=== WHAT THE EXERCISE ASKS ===
The response must contain every record, repeated exactly.

=== RECORDS PROVIDED ===

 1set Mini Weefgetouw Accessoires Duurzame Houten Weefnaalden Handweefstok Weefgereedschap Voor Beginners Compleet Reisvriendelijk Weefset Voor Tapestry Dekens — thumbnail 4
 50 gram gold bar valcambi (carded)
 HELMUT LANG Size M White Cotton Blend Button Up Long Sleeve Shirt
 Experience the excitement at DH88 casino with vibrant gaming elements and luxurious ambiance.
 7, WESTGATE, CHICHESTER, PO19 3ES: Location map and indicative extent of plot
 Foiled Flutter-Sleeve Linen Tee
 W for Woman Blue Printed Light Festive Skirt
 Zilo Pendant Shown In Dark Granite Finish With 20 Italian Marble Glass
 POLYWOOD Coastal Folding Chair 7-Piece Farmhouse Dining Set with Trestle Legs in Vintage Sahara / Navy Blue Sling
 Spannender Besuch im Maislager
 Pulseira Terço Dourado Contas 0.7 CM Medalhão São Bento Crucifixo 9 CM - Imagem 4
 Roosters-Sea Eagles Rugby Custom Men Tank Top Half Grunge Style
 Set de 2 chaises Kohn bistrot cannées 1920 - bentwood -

=== COMPLETED TASK ===
 1set Mini Weefgetouw Accessoires Duurzame Houten Weefnaalden Handweefstok Weefgereedschap Voor Beginners Compleet Reisvriendelijk Weefset Voor Tapestry Dekens — thumbnail 4
 50 gram gold bar valcambi (carded)
 HELMUT LANG Size M White Cotton Blend Button Up Long Sleeve Shirt
 Experience the excitement at DH88 casino with vibrant gaming elements and luxurious ambiance.
 7, WESTGATE, CHICHESTER, PO19 3ES: Location map and indicative extent of plot
 Foiled Flutter-Sleeve Linen Tee
 W for Woman Blue Printed Light Festive Skirt
 Zilo Pendant Shown In Dark Granite Finish With 20 Italian Marble Glass
 POLYWOOD Coastal Folding Chair 7-Piece Farmhouse Dining Set with Trestle Legs in Vintage Sahara / Navy Blue Sling
 Spannender Besuch im Maislager
 Pulseira Terço Dourado Contas 0.7 CM Medalhão São Bento Crucifixo 9 CM - Imagem 4
 Roosters-Sea Eagles Rugby Custom Men Tank Top Half Grunge Style
 Set de 2 chaises Kohn bistrot cannées 1920 - bentwood -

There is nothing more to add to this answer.